We recently upgraded our network to 10 Gbit and were really hoping to see monumental speed increases in our ceph cluster.
One of our benchmarks was pgbench
and to say we were sad
would be an understatement…
I created a database and ran tests like so…
createdb -U postgres bench
pgbench -U postgres -i -d bench
pgbench -U postgres -d bench -c 70 2> /dev/null
And here's a typical run. Latency varied a lot but never less than 300ms.
latency average = 951.736 ms
tps = 73.549842 (including connections establishing)
Yeah, so a four node ceph cluster with 12 OSD was getting 73 TPS with a second of latency. Did somebody swap out my drives with a floppy disk?!?
This was so horrifically bad it put in jeaporady an entire 5 year forecast of our tech stack…
Now I don't claim to be a ceph or postgres expert but here's what I tried.
# fsync = off
latency average = 50.641 ms
tps = 1382.270643 (including connections establishing)
So that's groovy and all but it's totally unsafe and not appropriate for production. The good news was that this proved that the ceph cluster itself wasn't utterly broken.
So then I noticed the next line in postgresql.conf
# synchronous_commit = on # synchronization level;
So I tried turning that off and…
latency average = 48.036 ms
tps = 1457.230219 (including connections establishing)
wut! wut!
Basically equivalent speeds to fsync = off
.
pretty strange when there is no replication…
I also tried with synchronous_commit = local
and got
latency average = 225.714 ms
tps = 310.127180 (including connections establishing)
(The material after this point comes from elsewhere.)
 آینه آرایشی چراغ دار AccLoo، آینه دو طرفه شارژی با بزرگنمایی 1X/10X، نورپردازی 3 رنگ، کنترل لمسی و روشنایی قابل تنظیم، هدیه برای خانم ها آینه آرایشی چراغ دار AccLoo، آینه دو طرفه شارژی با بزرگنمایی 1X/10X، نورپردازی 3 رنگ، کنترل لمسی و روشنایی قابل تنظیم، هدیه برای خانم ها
Which is great compared to the original results but still dismal.
For our use case maybe losing a couple of transactions is worth 10x speed improvement.
The really strange bit is that we aren't running replication on our test
machine so synchronous_commit
shouldn't affect anything as per my
understanding…
But as I said, I'm not a postgresql expert. But all this really
begs the question, wtf is ceph doing that causes fsync
s to be
so slow? Too bad I'm not a ceph expert either…
Here's a good page explaining syncronous_commit
, https://www.tutorialdba.com/2018/04/how-to-improve-performance-of.html
tl;dr - change synchronous_commit = off